However just because things are, does not mean that they ought to be. Just because you are unemployed does not mean that you ought to be penniless, hungry or homeless. Just keep trying to get that job, start some income generating project or marry rich. Since marrying rich is easier said than done, let’s look at what is within our control.

Eckhart Tolle, author of A New Earth says: “Be aware of the thoughts you are thinking. Separate them from the situation, which is always neutral. It is as it is.”

This is an exercise in mental and emotional discipline. When things are not going well, it is natural, and probably expected, that we gravitate towards feelings of inadequacy and self doubt.

Worse, we can get stuck in a depressive rut in which we feel sorry for ourselves wondering why this must happen to us. The net effect of this kind of thinking is inertia: a loss of the physical and mental energy that we actually need to help tow us out of the muck.

To follow Eckhart’s suggestion, first accept the situation. This is not the same as saying you have no option. It is simply having the ability and the courage to recognise reality:

I have lost my job, she is gone, we have lost the deal and so on.

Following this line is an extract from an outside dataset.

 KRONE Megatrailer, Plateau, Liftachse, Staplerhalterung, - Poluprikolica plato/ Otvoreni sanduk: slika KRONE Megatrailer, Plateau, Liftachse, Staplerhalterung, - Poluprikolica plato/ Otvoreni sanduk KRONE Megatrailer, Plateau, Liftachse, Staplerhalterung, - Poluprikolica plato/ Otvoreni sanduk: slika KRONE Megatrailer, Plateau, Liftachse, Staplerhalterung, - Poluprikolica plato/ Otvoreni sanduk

Secondly, engage the power of your thought processes. Losing your job is not the same as being unemployed. Getting divorced is not the same as being lonely and losing a business transaction is not the same as being bankrupt.

As Anthony J D’Angelo says, “if life doesn’t offer a game worth playing, invent a new one.” This means asking yourselves what else you can do based on your actual set of competencies. You can still see, speak and write. Interrogate yourself on the best use of your innate or nurtured talents for the situation at hand.

Steve Jobs was fired from his own company, Apple and that devastated him to the point where he met with David Packard of HP to apologise for having “failed” and “let down” the next generation of entrepreneurs in his field! All this happened at the very young age of thirty.

This did not, however, last for long and because he loved what he did, he set out to press the reset button and pick himself up. The rest is stuff of legend.

Next, try and do the same thing the thing that you love or are competent in, in a different way.

Einstein advises us that “you cannot solve a problem with the same consciousness that created it.”

This means changing your way of being. I have heard of very successful business executives who, more than twenty years ago, could be heard shouting from the first floor by people walking on the ground floor in Harare’s first street. Steve Jobs was a screamer too, according to staff accounts.

Yet to get the best out of people and to stop losing talented people, business executives with a 180km per hour vision and energy, had to change their way of being to accommodate their staff huffing and puffing at a mere 6okm per hour.

Losing Apple was a huge wake up call for Jobs and I know the entrepreneur from Harare’s first street example has stood before all his executives on more than one occasion to say, it is my fault we lost such and such a deal.

Remember the saying, “if you keep doing what you have always done, you will keep getting what you have always got.” Make that change. When you do that, you have not only had the courage to recognise reality, you have acted on it too.

After that, simply keep trying. The moment you decide to achieve something, you automatically create an opportunity for failure. It is the yin and yang of life and you have to prevail on the side that gives you results.

Your day will weave in to darkness and daylight within the space of a few hours when you want to chuck the towel in or feel elated at the prospect of a successful deal only to be deflated an hour later. Keep trying.

You have to be the best you that you can be. Lessons from Steve Jobs and others are just that; lessons.

There is saying something to the effect do not be a faulty carbon copy of someone else when you can be a perfect you.

The Innerzela person is inspired first and disciplined second and for that inspiration to take place, you need to be you first. A last quote to end by Nisargadatta: “Realise that what you are, cannot be born nor die, and with all the fear gone, all suffering ends.”

Light a candle instead of cursing the darkness. I am trying too.